MOMA recently hosted an exhibition (November 17 to 30, 2012) by artist Martha Rosler titled “Meta-Monumental Garage Sale” that filled the exhibition space with things made and donated by the artist and employees of the museum. During the exhibition people could buy and haggle prices and if they so chose, could have their picture taken with their purchases.

While this sort of exhibition might make a statement on our consumerist culture, and/or about the “commonplace,”… “that illuminates social life” (site of the artist) what does it say about the current state of the art world? What is end message art is saying about life in our culture?
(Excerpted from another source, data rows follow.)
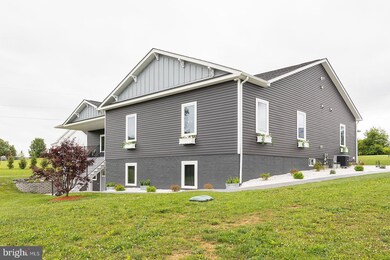 158 Riding Chapel Rd, Stephens City, VA 22655 - photo 2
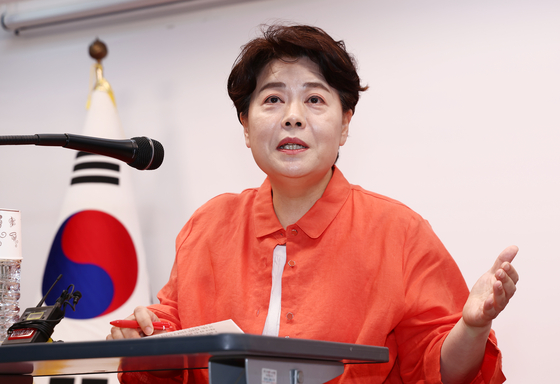 윤희숙 국민의힘 혁신위원장이 16일 서울 여의도 중앙당사에서 현안 관련 기자간담회를 하고 있다. 뉴스1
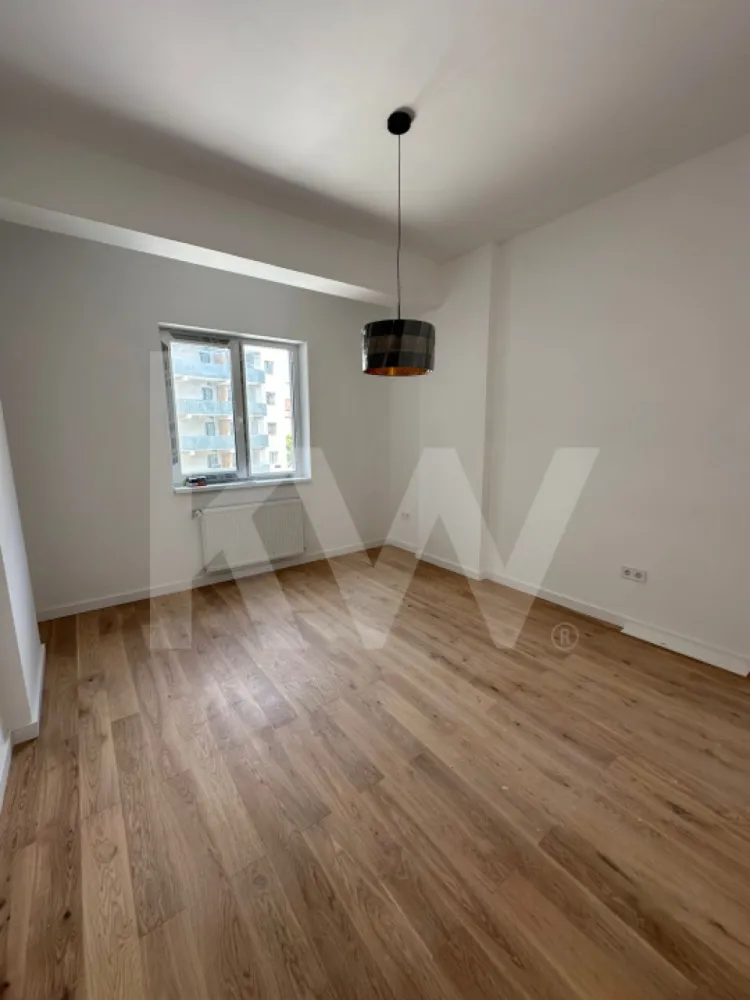 Apartament cu 2 camere - 64 mp utili - Zona Ciresica - Ti-ai imaginat vreodata cum ar fi sa ai totul la doi pasi - magazine, scoli, parcuri, mall - chiar in inima uneia dintre cele mai cautate zone din Sibiu?

Dacă răspunsul tău e "DA!", îți propunem un apartament cu 2 camere situat într-un ansamblu rezidențial nou, in zona Rahovei.

Imobilul are o suprafață utilă de 64 mp + balcon și este compartimentat astfel:
- living cu ieșire pe balcon
- bucatarie inchisa
- 1 dormitoare
- 1 baie
- balcon
- loc de parcare subteran sau suprateran (contra cost).

Predare este:
 LA ALB: la pretul 124.000 euro
- Tamplarie PVC cu geam termopan – 3 foi sticla
- Usa metalica antiefractie intrare apartament
- Instalatii termice, electrice si sanitare
- Prize+intrerupatoare
- Zugravit: lavabila alba
- Centrala pe bloc
- Incalzire pe calorifere
- Casa scarii la cheie
- Interfon

LA CHEIE: la pretul de mai sus se adauga 17.000 euro pentru finisaje
- Tamplarie PVC cu geam termopan – 3 foi sticla
- Usa metalica antiefractie intrare apartament
- Instalatii termice, electrice si sanitare
- Zugravit: 2 maini lavabila alba
- Prize+ intrerupatoare functionale
- Centrala pe bloc
- Incalzire pe calorifere
- Usi interioare/usi interior 
- Gresie, faianta, parchet (cu accesorii) 
- Corpuri de iluminat (1 corp/incapere) 
- Vas wc 
- Lavoar+oglinda 
- Baterie lavoar 
- Cada+accesorii 
- Baterie cada 
- Casa scarii la cheie
- Interfon

Regimul de inaltime al blocului este P+4+R.

Înainte de toate, punem accentul pe calitate și dorim să oferim clienților o locuință sigură, de aceea folosim doar materiale de construcții de bună calitate și suntem atenți la toate detaliile și etapele de execuție ale construcțiilor.

Decizia cumpărării unui apartament nou, este o investiție pe termen lung, iar într-o zona că aceasta, cu siguranță va genera cerere pentru închiriere.

Preturile sunt afisate in descriere.

*Pozele sunt cu titlu de prezentare dintr-un  apartament deja finisat.

Clasa energetica A, iar la parter B.

Modalitati de plata acceptate: Cash si prin credit ipotecar cu minim 15% avans.

Pentru mai multe detalii va stam la dispozitie la numarul de telefon afisat!
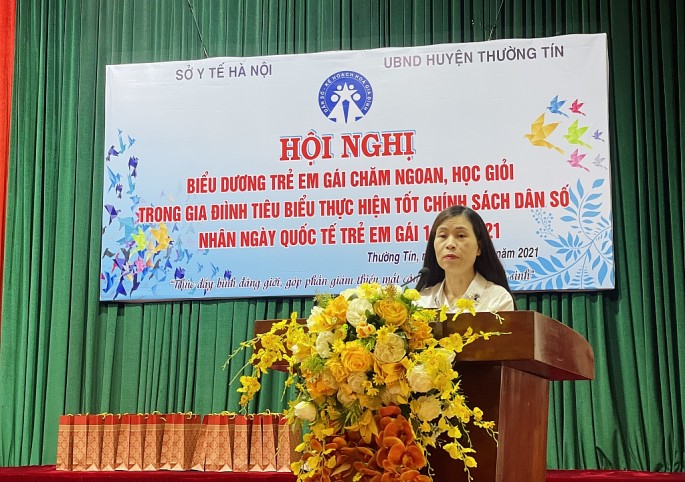 Hà Nội: Hàng trăm trẻ em gái chăm ngoan, học giỏi được biểu dương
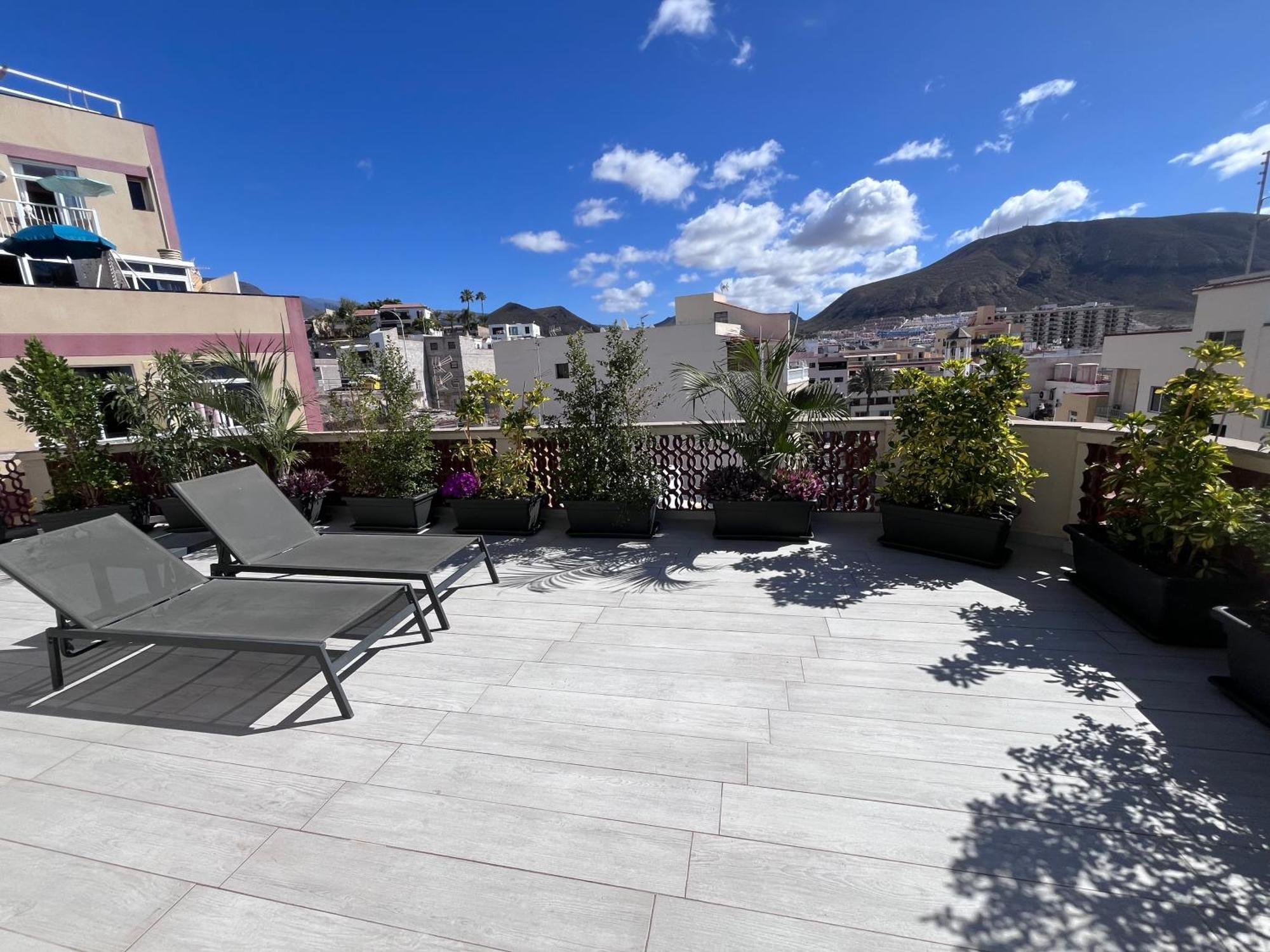 Apartamento The White Heart House - Attic Sea View Los Cristianos  Exterior foto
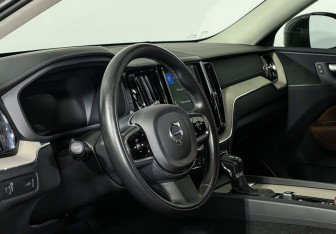 Подержанный автомобиль Volvo XC60 2019 года (13 фото)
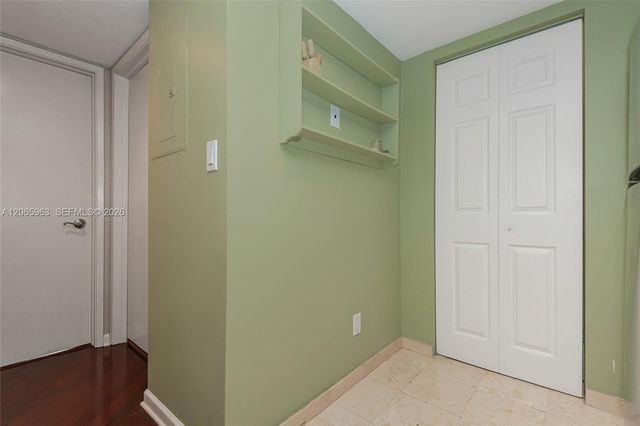 770 Claughton Island Drive 809, Miami, FL 33131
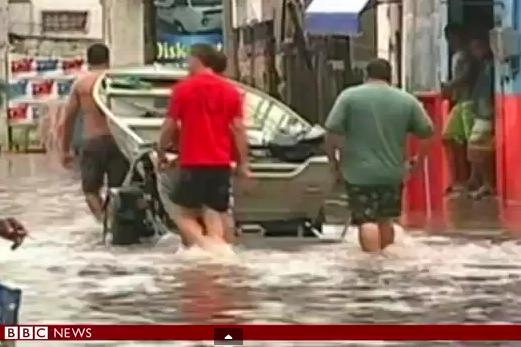 Inundaţiile catastrofale au provocat 44 de morţi în Brazilia. 60.000 de oameni au petrecut Crăciunul în adăposturi (VIDEO)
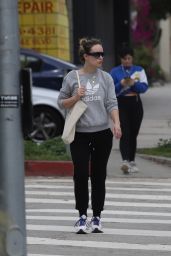 Olivia Wilde - Enjoy a Stroll in Los Angeles 03/20/2020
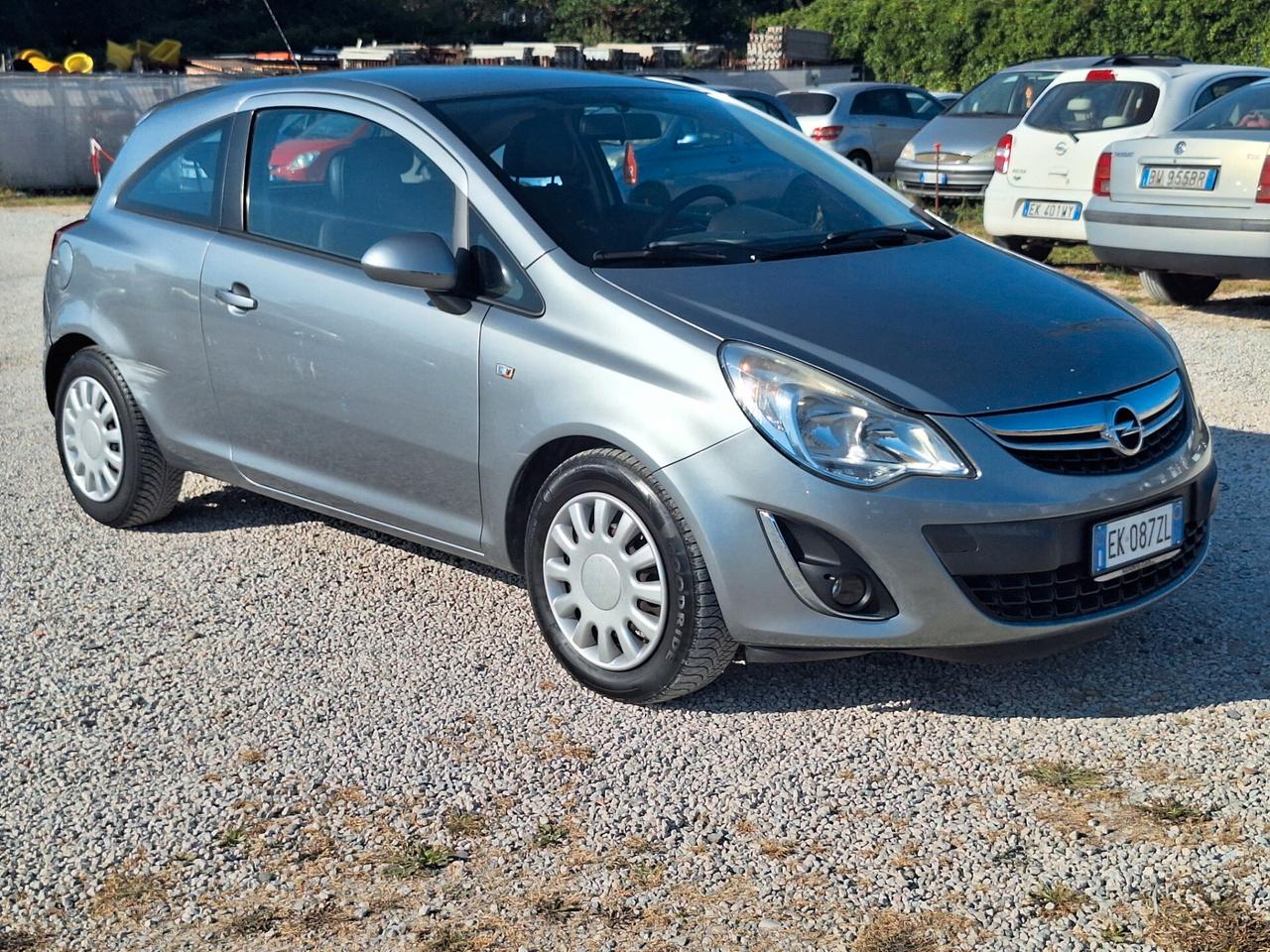 Opel Corsa 2013 1.2 85CV 3 porte GPL €5 24/25€ FA 450KM OCCASIONE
People, at least at one time, might have looked to artists to gather insight into life and purpose but since  the shock-art movement, the conceptual-empty-gallery-room-approach, and the like focus is not on understanding meanings of life or shedding light into this great mystery but on creating an experience in a short-lived moment. This is where we have come in our culture, living in the moment without an awareness, and dare I say, a care about the future and I believe contemporary art manifests this idea.

What this says is that there is little interest in the meaning of life any more, at least by art represented by mainstream art venues of which smaller venues mimic in some degree, and has resulted in advocating complacency. For what is there to make art about unless it is work pushing into the unknown mysteries of life and purpose? This is dire to the community of people not just in our culture and small communities but has the ripple effect of influencing the world at large. I know the American influence on the world is vast and reaches the most remote places on earth. Just recently I returned from a trip to Laos where we went deep into the back country of coffee farms where people don’t have plumbing or electricity, but they do have Angry Birds shirts which is an example of how far-reaching our society reaches.

Not all us artists buy into the idea art has to be representative of mere daily routines, make work that ends at an aesthetic experience, or about nothingness, but can and should be used as a vehicle taking us into the great mysteries of life and purpose. This is not to say work by artists such as Martha Rosler is not good in any way, but that the era of art that does not seek the true understanding of life and truth is coming to a close. While art of this intention is merely a silhouette on the horizon the pendulum is swinging back to art with soul.